Provided information →
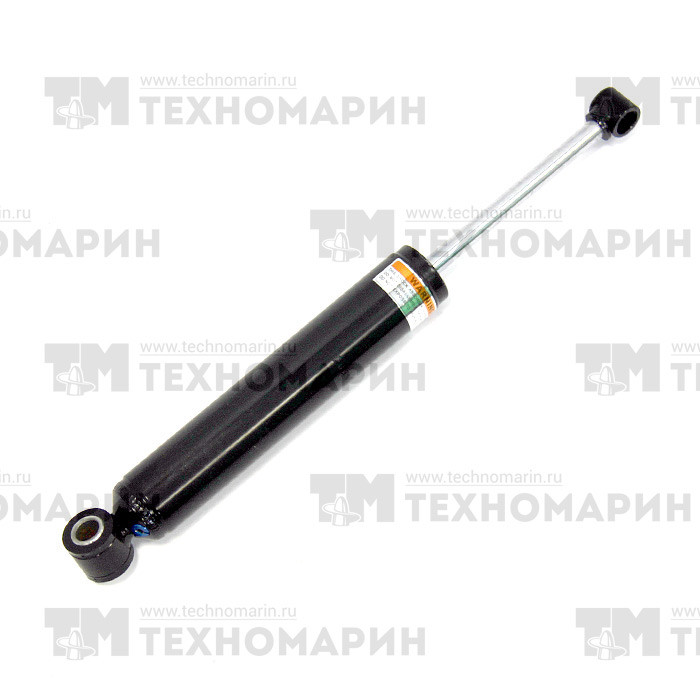 Амортизатор задней подвески Polaris SU-04301, арт. SU-04301,          SPI 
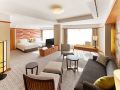 hotel-gajoen-tokyo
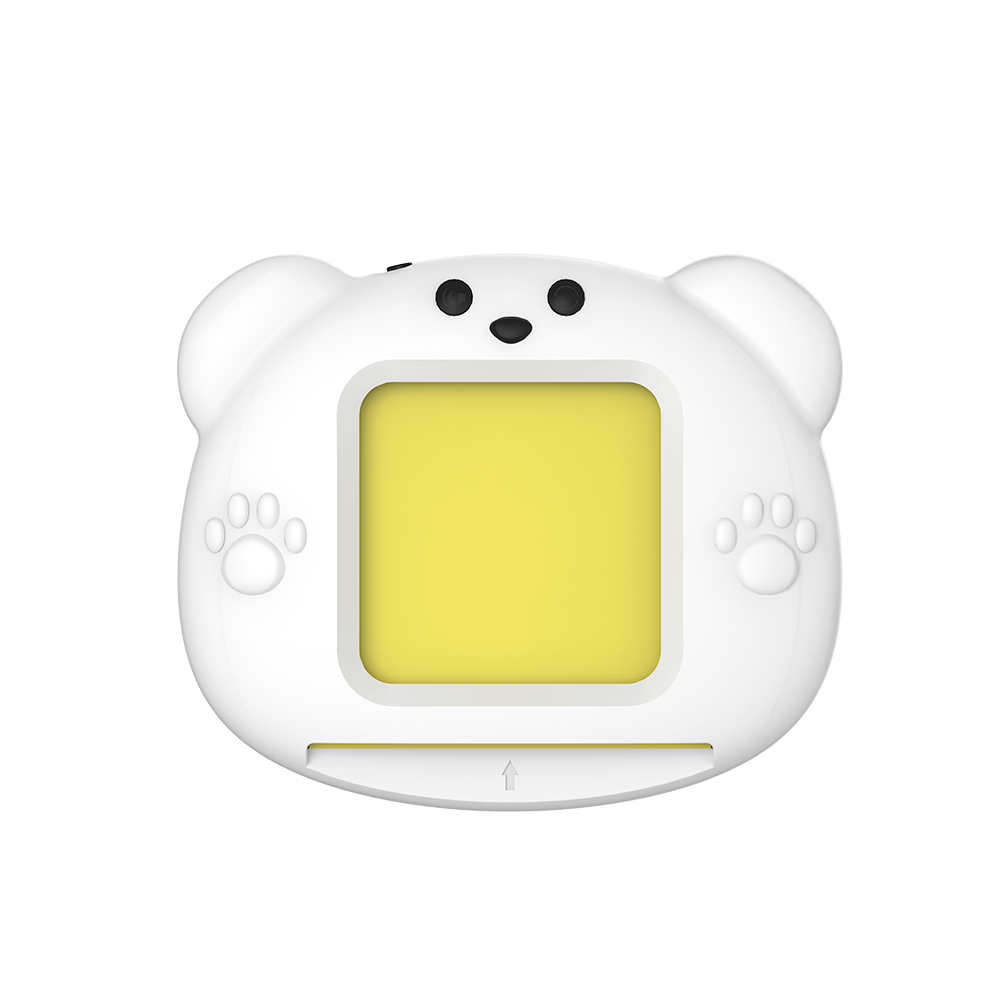 Настольная игра LUMICUBE Talky - фото 2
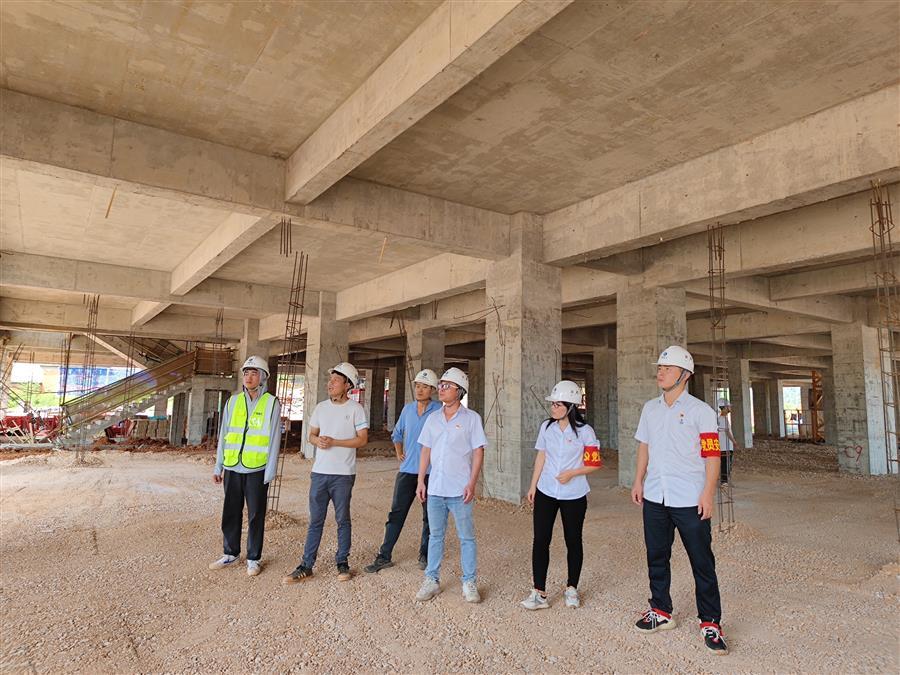 ������ʱ��(�й���)�������ǲ�!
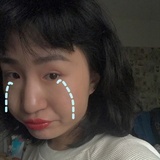 柔软少年颍思林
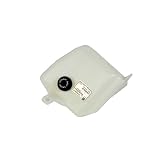 92-99 BUICK LESABRE 91-96 PARK AVENUE COOLANT TANK by NEW AFTERMARKET PARTS
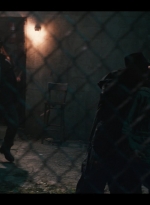 twddeadcity101_scnet_0960.jpg
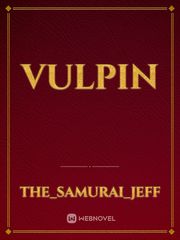 Vulpin Book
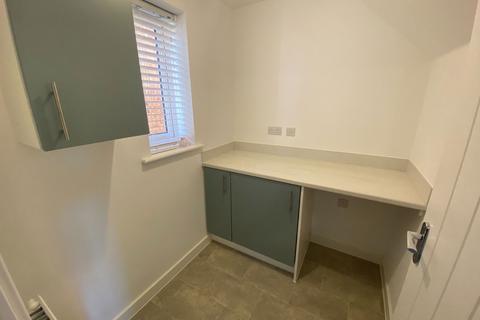 undefined, Skaters Way, Peterborough PE7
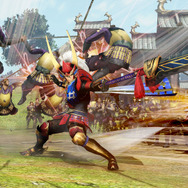 『戦国無双4-II』新しくなった「無双演武」とは？特別なルールで楽しむ「無限城（別館）」もご紹介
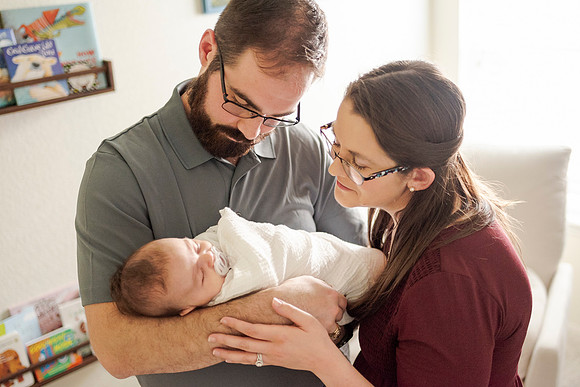 2024WilliamsNewborn021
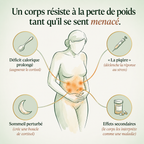 RÉVÉLIA™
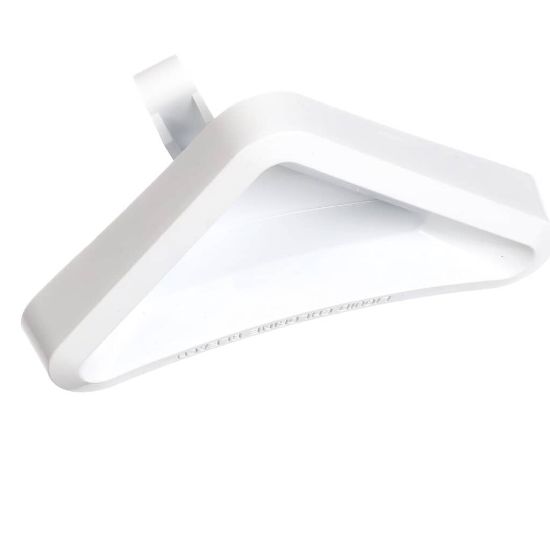 Picture of Whirlpool Top Load Washer Bleach Dispenser Cup Part# WP3362952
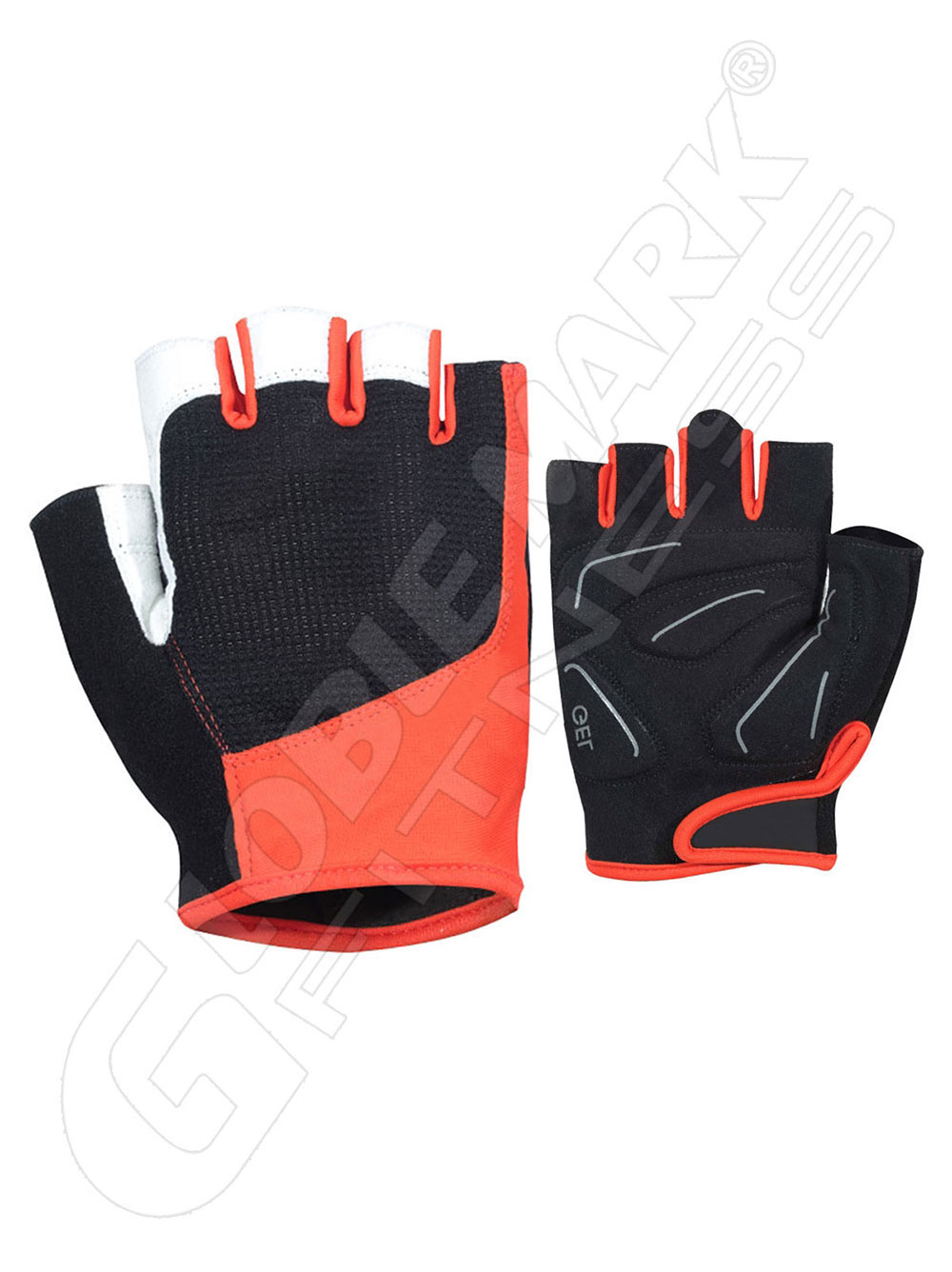 Cycling Gloves (GM-6048)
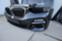 Обява за продажба на BMW X4 M40i G02 ~11 111 лв. - изображение 11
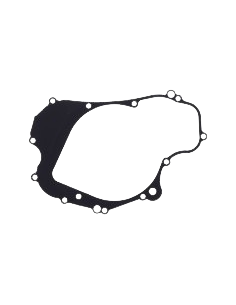 JUNTA TAPA ALTERNADOR SUZ.BURGMAN 400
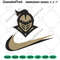UCF-Knights-Swoosh-Double-Nike-Logo-Embroidery-Design-File-EM04042024T2NCAA40.png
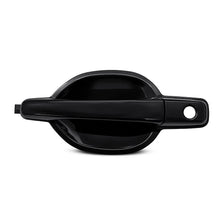 Load image into Gallery viewer, Exterior Door Handle For 2004-2011 Mitsubishi Endeavor Front Driver Side 1Pack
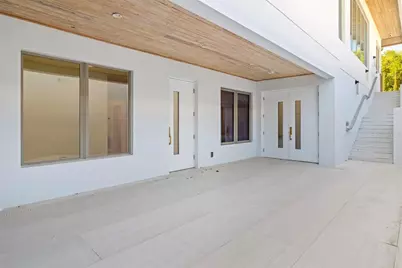 9312 Blanche Cove Dr, Windermere, FL 34786 - Photo 55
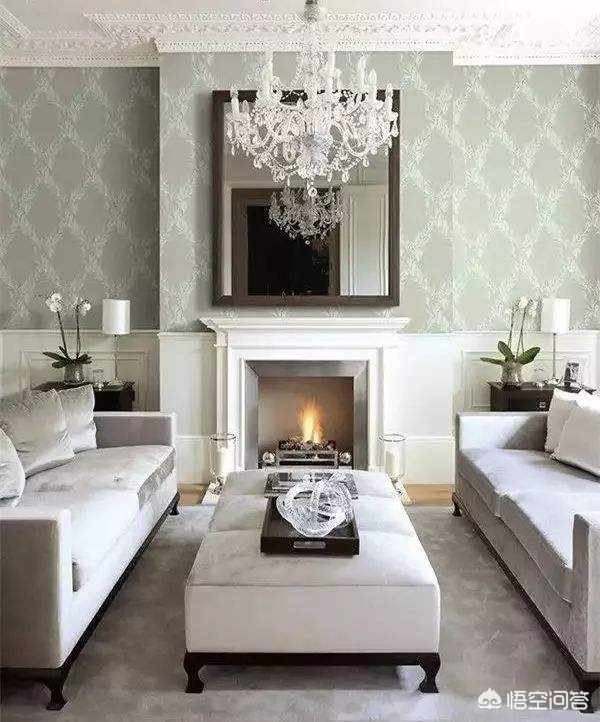 家装设计图怎么收费-CAD装修制图怎样收费? 家装设计图怎么收费-CAD装修制图怎样收费?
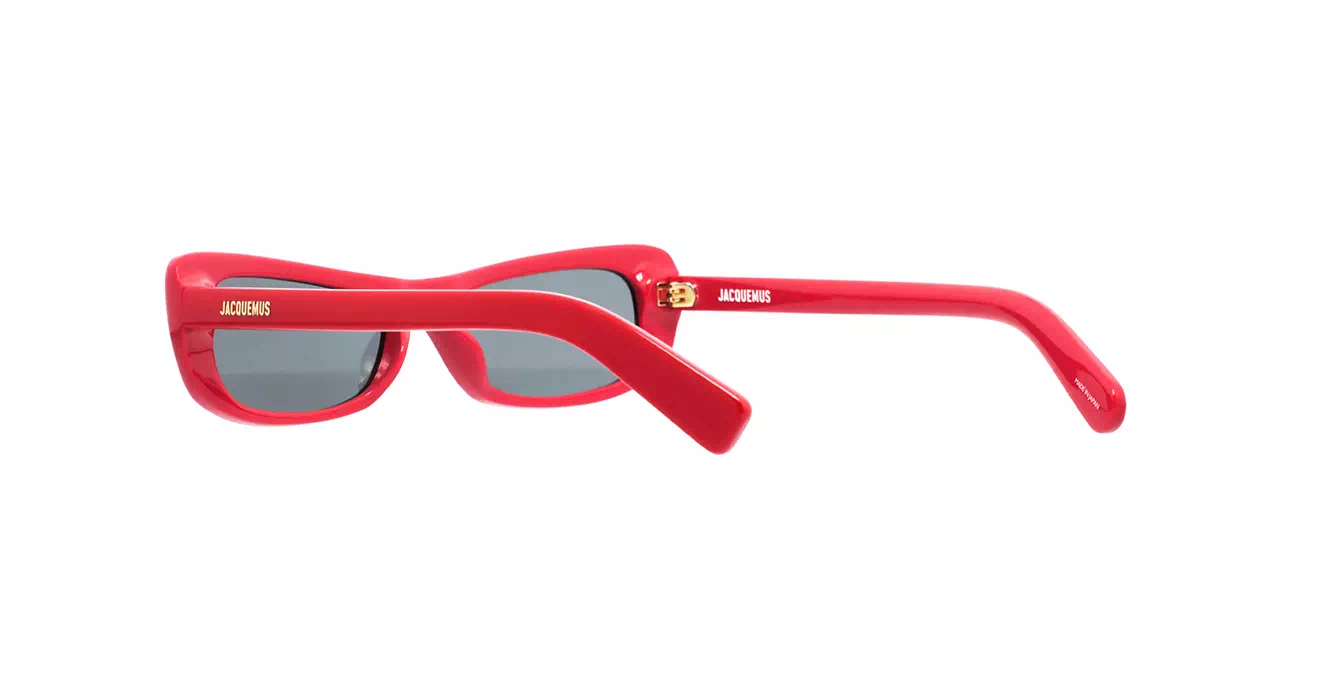 Jacquemus JAC55 C2 s55 Capri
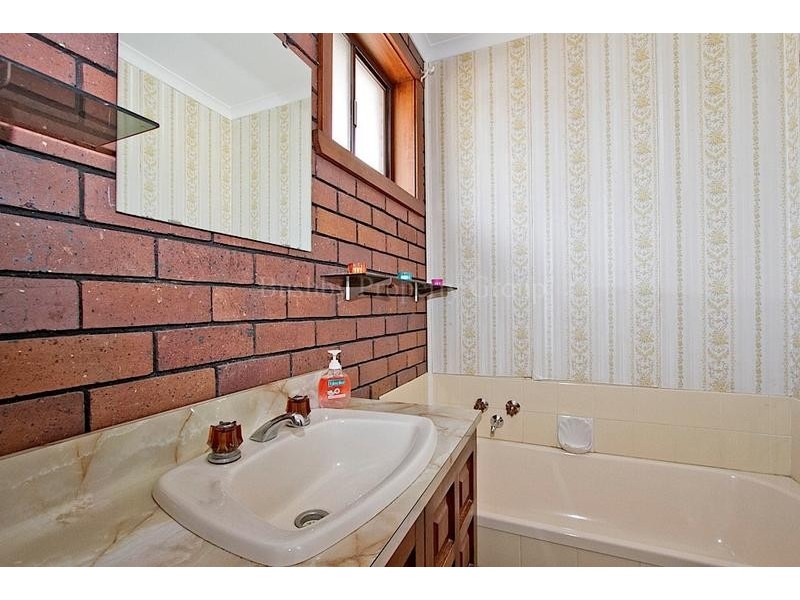 170 Quarantine Road, Norwood TAS 7250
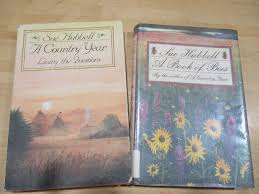 Christmas Beekeeping Book Home Sweet Bees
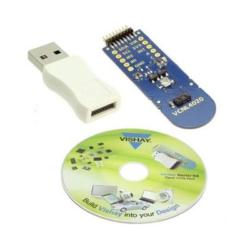 wholesale SENSORSTARTERKIT Sensor Evaluation Boards supplier,manufacturer,distributor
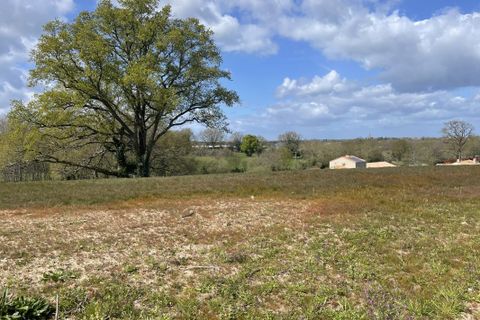 Grond in Reze, Loire-Atlantique, Reze - € 138.000 | Ref: XL-0611 - foto 1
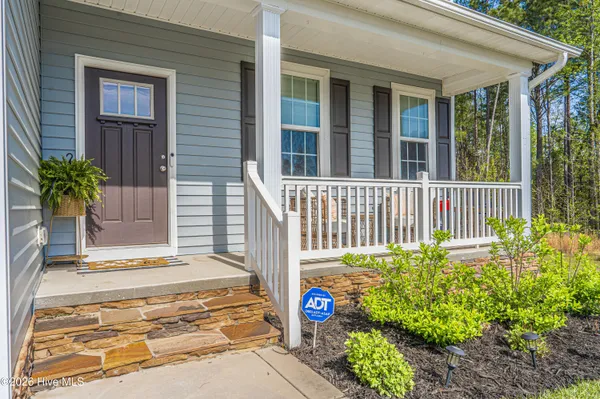 $2,400 | Undisclosed Address, Cameron, NC 28326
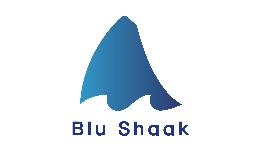 Blu Shaak - Special Price Shaak Latte IDR27,000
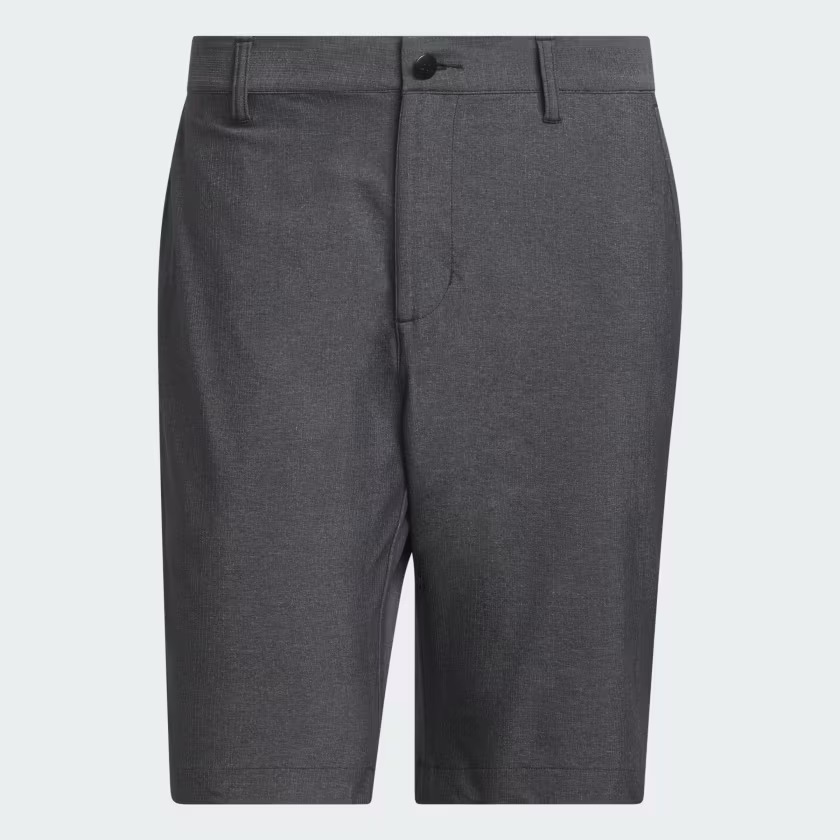 $20 Adidas Men’s Golf Ultimate365 Printed Shorts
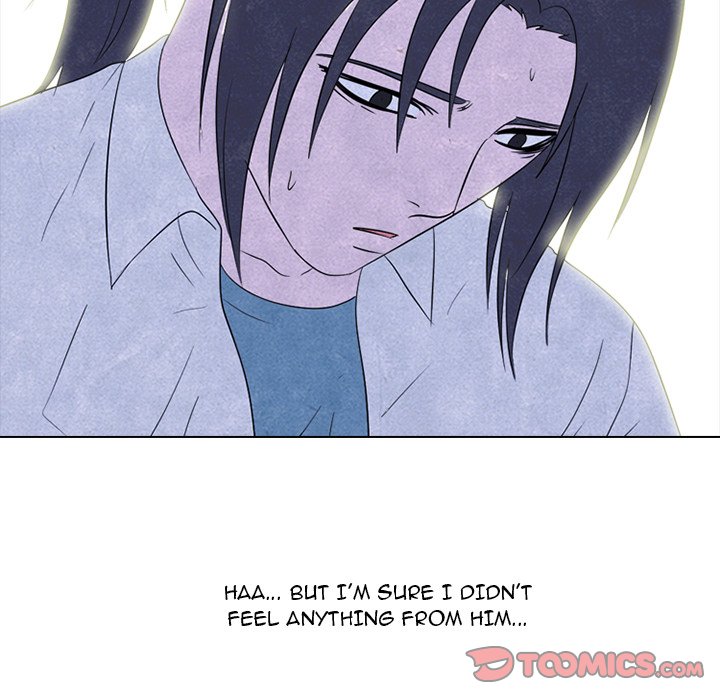 High School Devil Chapter 139 image 17
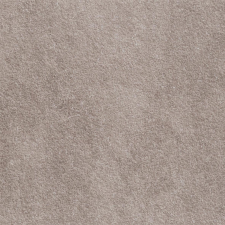  Padló Rako Kaamos Outdoor beige-grey 60x60 cm matt DAR66589.1 járólap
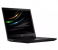 Dell Inspiron 15 Core i3 4th Gen 15.6 Inch 4 GB RAM 500 GB With Touchpad Refurbished Laptop - Black 2 in OMAN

Aim of the task →
Could you repeat, exactly and with nothing added, the lines from the top of the entries above through the line that holds "undefined, Skaters Way, Peterborough PE7", leaving out any pictures?

Expected answer →
 Амортизатор задней подвески Polaris SU-04301, арт. SU-04301,          SPI 
 hotel-gajoen-tokyo
 Настольная игра LUMICUBE Talky - фото 2
 ������ʱ��(�й���)�������ǲ�!
 柔软少年颍思林
 92-99 BUICK LESABRE 91-96 PARK AVENUE COOLANT TANK by NEW AFTERMARKET PARTS
 twddeadcity101_scnet_0960.jpg
 Vulpin Book
 undefined, Skaters Way, Peterborough PE7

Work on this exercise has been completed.